Many a reader may have wondered while clutching a well-worn copy of The Hidden Staircase–just who was Carolyn Keene, the author of the Nancy Drew series? The truth is, there were several ghostwriters who labored under the Keene pseudonym. But the identity of those writers, and one in particular, reveals a thrilling story behind America’s most beloved amateur sleuth.
Writer and editor Edward Stratemeyer was fresh off the success of the Hardy Boys series when he had the brilliant idea of creating a female detective. But as the head of a large editorial company, Stratemeyer had no intention of writing the series himself. He hired a woman named Mildred Wirt Benson to write the first in the Nancy Drew series, The Secret of the Old Clock. Benson was given a three and a half page outline to work from while she finished her graduate degree. In 1927, she became the first female student to earn a journalism degree from the University of Iowa. The Secret of the Old Clock was published to great acclaim in 1930, and Benson produced three more Nancy Drew books, all in that same year, at 24 years old.
Benson went on to write 23 of the first 30 Nancy Drew mysteries. For her efforts she earned between $125 and $250 per book, and one-fifth of the royalties that each book received. She had to sign a contract agreeing she had no right to use the Carolyn Keene name outside of the Stratemeyer Syndicate. Benson wrote for other series with the pen name, such as the Dana Girls.
It wasn’t until a lawsuit in the 1980s revealed Benson to be the author behind so many Nancy Drew titles that people fully recognized her contributions. Benson had written, among others, the earliest Nancy Drew books, establishing Nancy’s character and personality. In 2001, Benson was honored with a special Edgar Award for her contribution to the series. “I always knew the series would be successful,” she said in an interview with the Associated Press. “I just never expected it to be the blockbuster that it has been. I'm glad that I had that much influence on people.”
After Benson stopped working on the series, Edward Stratemeyer’s daughters wrote most of the outlines for the ghostwriters, including Walter Karig, a U.S. Naval captain who wrote three Nancy Drew titles in the 1930s, and Charles S. Strong, a ghostwriter for the Hardy Boys series. None of these male writers lasted particularly long–Stratemeyer’s daughter Harriet Adams would go on to write most of the manuscripts for the series from the 1950s until her death in 1982.

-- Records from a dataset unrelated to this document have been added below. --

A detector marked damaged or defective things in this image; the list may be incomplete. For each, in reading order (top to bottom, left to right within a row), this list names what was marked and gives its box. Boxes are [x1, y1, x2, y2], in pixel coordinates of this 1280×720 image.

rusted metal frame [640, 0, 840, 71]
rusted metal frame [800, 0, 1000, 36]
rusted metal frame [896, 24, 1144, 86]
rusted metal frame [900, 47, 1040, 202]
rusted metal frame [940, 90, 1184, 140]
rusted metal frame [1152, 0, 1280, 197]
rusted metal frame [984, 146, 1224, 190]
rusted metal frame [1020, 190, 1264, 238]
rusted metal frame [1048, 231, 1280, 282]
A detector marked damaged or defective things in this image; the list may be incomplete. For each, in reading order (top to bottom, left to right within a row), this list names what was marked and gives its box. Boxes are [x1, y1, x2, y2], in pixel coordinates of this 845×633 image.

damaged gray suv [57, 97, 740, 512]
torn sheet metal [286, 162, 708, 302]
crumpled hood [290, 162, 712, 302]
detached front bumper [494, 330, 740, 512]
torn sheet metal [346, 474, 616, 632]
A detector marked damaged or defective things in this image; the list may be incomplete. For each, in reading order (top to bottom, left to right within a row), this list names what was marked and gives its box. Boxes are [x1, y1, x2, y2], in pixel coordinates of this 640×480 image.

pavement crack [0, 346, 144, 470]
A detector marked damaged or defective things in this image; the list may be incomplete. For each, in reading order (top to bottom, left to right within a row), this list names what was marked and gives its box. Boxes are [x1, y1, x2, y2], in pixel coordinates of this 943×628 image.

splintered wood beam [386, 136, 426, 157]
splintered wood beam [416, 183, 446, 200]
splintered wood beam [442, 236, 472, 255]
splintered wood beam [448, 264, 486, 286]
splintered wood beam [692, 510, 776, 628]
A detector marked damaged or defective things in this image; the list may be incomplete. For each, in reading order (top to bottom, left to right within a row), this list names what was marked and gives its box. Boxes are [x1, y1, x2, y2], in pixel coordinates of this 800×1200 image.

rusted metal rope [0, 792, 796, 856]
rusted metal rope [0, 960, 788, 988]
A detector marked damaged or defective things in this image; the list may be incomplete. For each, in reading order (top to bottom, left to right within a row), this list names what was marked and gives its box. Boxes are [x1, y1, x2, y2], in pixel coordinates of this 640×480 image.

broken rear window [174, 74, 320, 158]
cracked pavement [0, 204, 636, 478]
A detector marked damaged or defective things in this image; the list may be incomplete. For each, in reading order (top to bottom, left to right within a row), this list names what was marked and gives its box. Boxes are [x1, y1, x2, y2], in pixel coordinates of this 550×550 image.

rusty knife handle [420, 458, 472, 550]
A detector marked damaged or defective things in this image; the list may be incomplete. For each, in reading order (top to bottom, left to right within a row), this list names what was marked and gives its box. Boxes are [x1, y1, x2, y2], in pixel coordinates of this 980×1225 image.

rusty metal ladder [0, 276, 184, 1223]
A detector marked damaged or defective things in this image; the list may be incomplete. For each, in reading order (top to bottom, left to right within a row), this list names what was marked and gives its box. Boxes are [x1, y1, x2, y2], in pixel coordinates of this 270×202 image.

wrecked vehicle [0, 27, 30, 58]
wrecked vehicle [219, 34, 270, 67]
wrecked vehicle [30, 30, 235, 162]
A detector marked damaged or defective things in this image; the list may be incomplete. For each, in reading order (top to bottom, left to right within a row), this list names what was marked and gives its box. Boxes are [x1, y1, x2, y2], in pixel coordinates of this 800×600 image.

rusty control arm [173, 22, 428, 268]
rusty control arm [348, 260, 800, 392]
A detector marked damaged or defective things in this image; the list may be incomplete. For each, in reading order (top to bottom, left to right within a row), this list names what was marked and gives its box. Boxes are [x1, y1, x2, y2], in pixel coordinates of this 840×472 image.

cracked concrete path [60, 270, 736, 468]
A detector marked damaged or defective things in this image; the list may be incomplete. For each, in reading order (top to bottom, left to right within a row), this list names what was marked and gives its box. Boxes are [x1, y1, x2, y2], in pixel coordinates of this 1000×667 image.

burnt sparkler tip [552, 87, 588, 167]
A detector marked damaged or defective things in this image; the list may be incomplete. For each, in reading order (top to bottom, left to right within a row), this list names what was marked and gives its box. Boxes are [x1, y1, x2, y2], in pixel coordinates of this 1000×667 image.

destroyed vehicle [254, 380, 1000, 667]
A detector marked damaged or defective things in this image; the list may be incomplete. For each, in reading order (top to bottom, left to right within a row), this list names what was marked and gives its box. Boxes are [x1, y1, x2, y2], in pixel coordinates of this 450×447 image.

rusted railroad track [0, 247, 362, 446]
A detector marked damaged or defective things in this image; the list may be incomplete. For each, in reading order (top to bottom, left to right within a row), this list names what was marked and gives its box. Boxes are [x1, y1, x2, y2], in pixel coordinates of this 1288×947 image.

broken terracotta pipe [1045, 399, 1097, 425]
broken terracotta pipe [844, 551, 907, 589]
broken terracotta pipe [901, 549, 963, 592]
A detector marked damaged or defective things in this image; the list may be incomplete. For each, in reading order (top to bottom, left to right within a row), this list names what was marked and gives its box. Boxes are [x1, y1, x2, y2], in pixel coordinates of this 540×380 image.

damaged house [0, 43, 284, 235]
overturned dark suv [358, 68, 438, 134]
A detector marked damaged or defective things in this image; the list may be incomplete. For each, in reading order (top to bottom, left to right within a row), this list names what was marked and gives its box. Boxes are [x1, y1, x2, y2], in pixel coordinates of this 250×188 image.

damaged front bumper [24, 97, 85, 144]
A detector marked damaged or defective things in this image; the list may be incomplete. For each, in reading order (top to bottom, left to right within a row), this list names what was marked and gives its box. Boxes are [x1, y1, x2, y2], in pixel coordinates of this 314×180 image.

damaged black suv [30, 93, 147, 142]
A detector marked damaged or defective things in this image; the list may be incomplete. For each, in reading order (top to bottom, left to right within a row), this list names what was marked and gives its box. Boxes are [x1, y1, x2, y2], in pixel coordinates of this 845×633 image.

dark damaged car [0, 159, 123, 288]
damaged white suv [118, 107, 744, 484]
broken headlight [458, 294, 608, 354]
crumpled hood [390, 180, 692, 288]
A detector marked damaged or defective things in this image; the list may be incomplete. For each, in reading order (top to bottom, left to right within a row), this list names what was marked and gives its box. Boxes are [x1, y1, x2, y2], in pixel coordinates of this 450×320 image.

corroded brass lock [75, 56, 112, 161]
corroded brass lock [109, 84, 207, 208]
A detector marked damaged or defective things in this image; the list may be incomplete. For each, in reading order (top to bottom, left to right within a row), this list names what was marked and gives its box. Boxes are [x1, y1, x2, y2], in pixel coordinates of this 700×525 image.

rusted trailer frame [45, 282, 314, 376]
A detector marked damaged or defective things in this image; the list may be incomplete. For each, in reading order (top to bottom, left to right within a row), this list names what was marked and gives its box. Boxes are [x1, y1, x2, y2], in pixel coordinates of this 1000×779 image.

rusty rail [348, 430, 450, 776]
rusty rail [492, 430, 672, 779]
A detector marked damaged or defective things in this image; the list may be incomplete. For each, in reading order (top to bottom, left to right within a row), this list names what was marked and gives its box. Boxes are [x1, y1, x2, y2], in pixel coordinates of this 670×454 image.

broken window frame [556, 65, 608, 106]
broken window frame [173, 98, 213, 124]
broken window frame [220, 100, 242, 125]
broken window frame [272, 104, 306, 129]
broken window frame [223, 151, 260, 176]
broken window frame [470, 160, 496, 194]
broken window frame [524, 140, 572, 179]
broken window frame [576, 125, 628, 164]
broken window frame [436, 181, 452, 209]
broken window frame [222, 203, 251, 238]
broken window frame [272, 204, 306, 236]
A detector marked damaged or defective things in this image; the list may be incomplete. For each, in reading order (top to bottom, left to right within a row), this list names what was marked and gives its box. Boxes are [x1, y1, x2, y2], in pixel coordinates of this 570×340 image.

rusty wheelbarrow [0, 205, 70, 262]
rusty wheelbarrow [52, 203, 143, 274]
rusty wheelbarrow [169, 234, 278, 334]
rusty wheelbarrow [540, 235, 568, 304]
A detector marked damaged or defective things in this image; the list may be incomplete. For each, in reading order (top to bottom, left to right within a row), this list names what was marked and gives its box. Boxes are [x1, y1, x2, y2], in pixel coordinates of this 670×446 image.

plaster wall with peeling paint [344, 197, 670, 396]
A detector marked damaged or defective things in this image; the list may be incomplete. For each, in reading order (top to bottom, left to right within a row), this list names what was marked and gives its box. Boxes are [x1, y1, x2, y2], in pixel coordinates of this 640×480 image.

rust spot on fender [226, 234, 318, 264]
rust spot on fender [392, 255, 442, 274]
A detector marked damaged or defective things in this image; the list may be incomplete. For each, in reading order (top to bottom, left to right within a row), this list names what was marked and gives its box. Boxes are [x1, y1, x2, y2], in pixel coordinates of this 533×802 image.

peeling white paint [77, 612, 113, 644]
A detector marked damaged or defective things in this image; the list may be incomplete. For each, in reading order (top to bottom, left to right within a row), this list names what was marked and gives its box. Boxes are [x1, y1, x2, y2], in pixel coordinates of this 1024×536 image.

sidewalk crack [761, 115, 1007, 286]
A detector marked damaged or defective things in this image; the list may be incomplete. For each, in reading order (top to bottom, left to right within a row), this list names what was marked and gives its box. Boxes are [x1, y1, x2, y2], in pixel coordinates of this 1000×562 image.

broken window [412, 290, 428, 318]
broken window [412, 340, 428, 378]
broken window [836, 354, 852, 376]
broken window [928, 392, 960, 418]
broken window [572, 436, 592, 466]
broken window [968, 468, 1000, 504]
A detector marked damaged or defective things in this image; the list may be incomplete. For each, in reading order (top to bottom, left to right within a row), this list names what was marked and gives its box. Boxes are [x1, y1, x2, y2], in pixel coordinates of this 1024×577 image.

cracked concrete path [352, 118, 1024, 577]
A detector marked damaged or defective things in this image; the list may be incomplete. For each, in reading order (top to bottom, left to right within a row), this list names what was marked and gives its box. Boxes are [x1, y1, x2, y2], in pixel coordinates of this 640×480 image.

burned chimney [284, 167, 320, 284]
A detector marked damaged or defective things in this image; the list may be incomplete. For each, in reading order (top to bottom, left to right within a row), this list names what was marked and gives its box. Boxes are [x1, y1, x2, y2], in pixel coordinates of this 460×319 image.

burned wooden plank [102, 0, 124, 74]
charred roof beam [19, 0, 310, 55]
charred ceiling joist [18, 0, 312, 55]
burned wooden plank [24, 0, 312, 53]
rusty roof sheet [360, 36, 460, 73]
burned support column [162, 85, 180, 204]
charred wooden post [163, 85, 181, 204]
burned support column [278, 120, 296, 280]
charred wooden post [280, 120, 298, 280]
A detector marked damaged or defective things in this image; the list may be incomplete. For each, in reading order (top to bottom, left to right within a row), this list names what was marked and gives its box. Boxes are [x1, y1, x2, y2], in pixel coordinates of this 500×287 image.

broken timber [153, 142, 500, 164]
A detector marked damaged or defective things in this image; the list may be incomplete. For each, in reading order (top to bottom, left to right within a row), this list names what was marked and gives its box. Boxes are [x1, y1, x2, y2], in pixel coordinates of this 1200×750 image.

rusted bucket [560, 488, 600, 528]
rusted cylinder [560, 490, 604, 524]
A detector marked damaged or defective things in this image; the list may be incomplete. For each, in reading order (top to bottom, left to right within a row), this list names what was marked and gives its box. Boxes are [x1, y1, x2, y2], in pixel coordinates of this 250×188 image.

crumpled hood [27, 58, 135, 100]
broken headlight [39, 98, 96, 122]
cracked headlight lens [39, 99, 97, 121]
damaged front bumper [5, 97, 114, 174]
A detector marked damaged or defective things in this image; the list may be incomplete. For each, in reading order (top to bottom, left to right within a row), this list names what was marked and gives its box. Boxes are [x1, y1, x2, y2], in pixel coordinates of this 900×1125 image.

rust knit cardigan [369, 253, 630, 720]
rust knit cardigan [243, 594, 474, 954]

Harriet’s contributions remain unclear to this day. She often claimed to have written all of the Nancy Drew books during her tenure, while other writers say that she only had the final overview.
The original Nancy Drew series contains 175 books, but would go on to spawn another 124 titles in the Nancy Drew Files series and Nancy Drew Diaries series. The earliest movie adaptations were made in the late 30s, and more recently, a Hollywood version starring Emma Roberts hit the big screen in 2007. Though the studio planned for sequels, those plans were shelved after the movie’s poor performance at the box office.
As for Mildred Wirt Benson, her career wasn’t limited to Nancy Drew. She began working as a journalist in the 1940s, first as a court reporter for the Toledo Times and later as a writer for the Toledo Blade. “She was a real force to be reckoned with,” said one of her colleagues. “And she was one of those rare, enviable writers who can write in her own voice.” She wrote a weekly column for the Toledo Blade for 58 years, continuing to work full-time writing obituaries until her own death from lung cancer at the ripe old age of 96. Benson was in the office, hard at work the day she died.
Later in life, she traveled the world, making many trips to Central America “traversing the jungle in a Jeep, canoeing down rivers, visiting Mayan sites, and witnessing archaeological excavations.” She went on to publish numerous other books and series, some under pseudonyms and some under her own name. A personal favorite was another girl detective named Penny Parker, who was, in Benson’s estimation, more independent and more of a go-getter than Nancy Drew–in other words, more like her writer. When Stratemeyer’s daughters took over the Nancy Drew series, they rewrote many of Benson’s books, giving Nancy more of a submissive personality.
Though she voiced some displeasure at Nancy Drew being such a focus of her life, according to friends, Benson was always happy to meet the young fans of the series, especially the girls. And she loved autographing copies of the books, as long as they were the ones she had written. "Mrs. Benson is the quintessential feminist of the 20th century, and yet she's almost completely unknown," David Farrah, publisher of Farrah's Guide to Nancy Drew Books and Collectibles told The Times in 1991. But for Benson, ghostwriting Nancy Drew was just another gig. Just before she died, she told a local paper “I always wanted to be a writer from the time I could walk. I had no other thought except that I wanted to write.”